Wiring claims that name a symbol, not a caller chain. Verifying that a function exists is not the same as verifying it is reachable. A wiring claim is only valid when it names the production caller chain from an actual entry point — not just the symbol's location in a file. A function that nothing calls is dead, not wired.

Exit check¶

A spec is done when:

[ ] Every required behavior is stated explicitly.
[ ] Every rejection has a named error code.
[ ] The success state-change is described.
[ ] The assumptions are ordered lowest-confidence first, and the one or two ⚠ flags carry why + cost — or, for genuinely trivial scope, an honest "none material" that still names the single biggest risk.

The shift from older practice: you no longer pre-confirm every assumption to advance. You confirm that the AI has ranked its uncertainty and that you have engaged the top of the rank. Stated honestly: the flag makes a genuine review cheap and a lazy one visibly negligent — it cannot force the read. That is the most a lightweight check can buy.

If the check fails¶

If you cannot state a rule clearly, the feature is not ready to build. Stop, take the question to whoever owns the requirement, and resolve it.
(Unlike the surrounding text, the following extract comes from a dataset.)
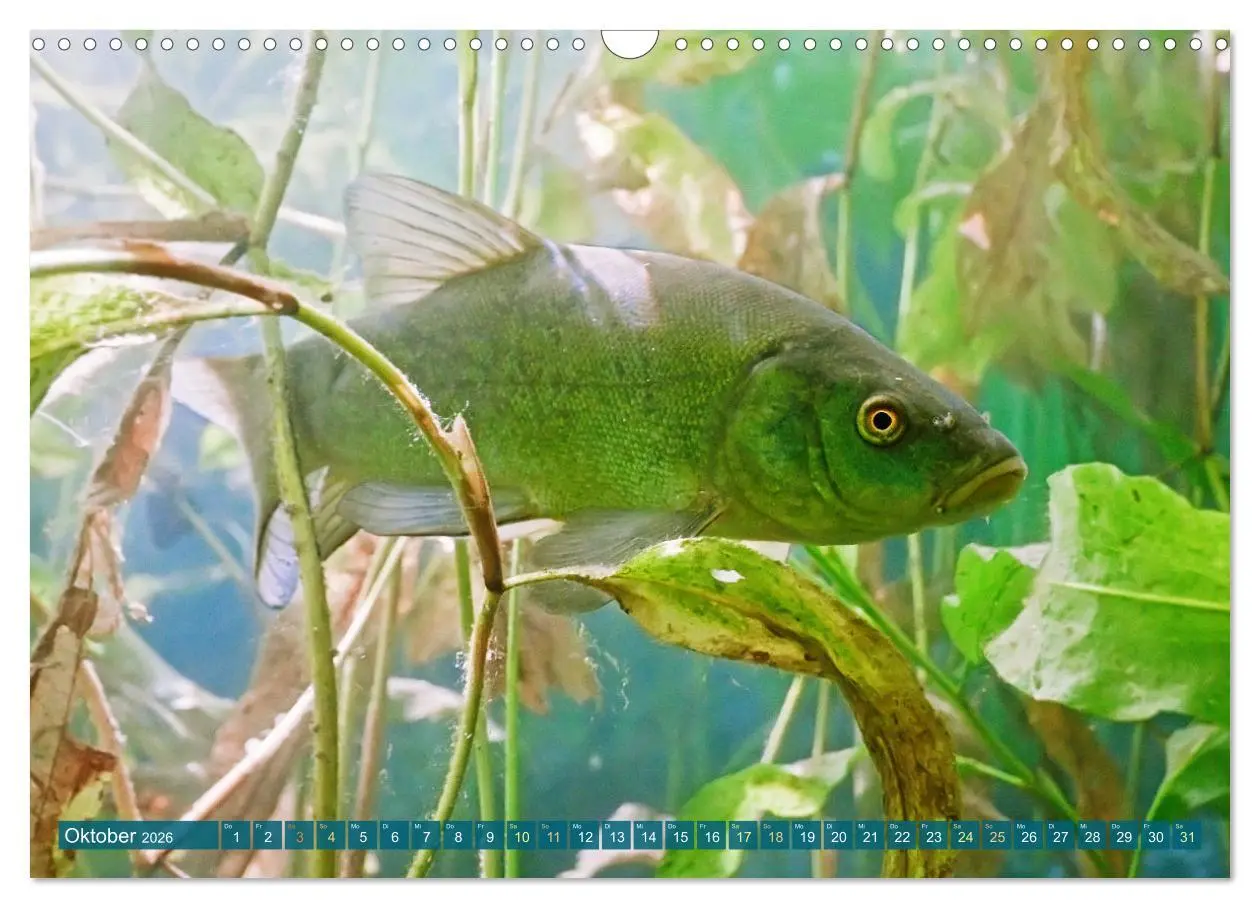 Bild: 9783457943113 | Fische in Teichen und Flüssen (Wandkalender 2026 DIN A3 quer),...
Do not let the AI proceed on an unresolved point — that is the exact failure the whole method exists to prevent.

The one approval, and where the flag really lands¶

In the one-approval flow, you do not approve the spec alone — you approve the whole frozen bundle (spec, scenarios, contract, tests) once, at the contract freeze. So the lowest-confidence flag is bundle-wide: at that single decision point the AI leads with "of everything I'm asking you to freeze, these one or two points are most likely wrong" — and a flag may point at an uncovered scenario or the contract shape, not only a spec assumption. The ranking you do here in Specify is the first input into that one gate. See 05 Contract and the add skill's run.md.

When the feature has a user interface¶

For anything with a UI, extend this step with a quick design: the user flows (the happy path and the main alternatives) and every screen state — loading, empty, error, and success. Correct logic behind a confusing or incomplete interface is still a poor product, and undesigned states are exactly where an AI will improvise something ugly. In the early Prototype stage, this design work is the main event and the code is throwaway (see 10 Stages).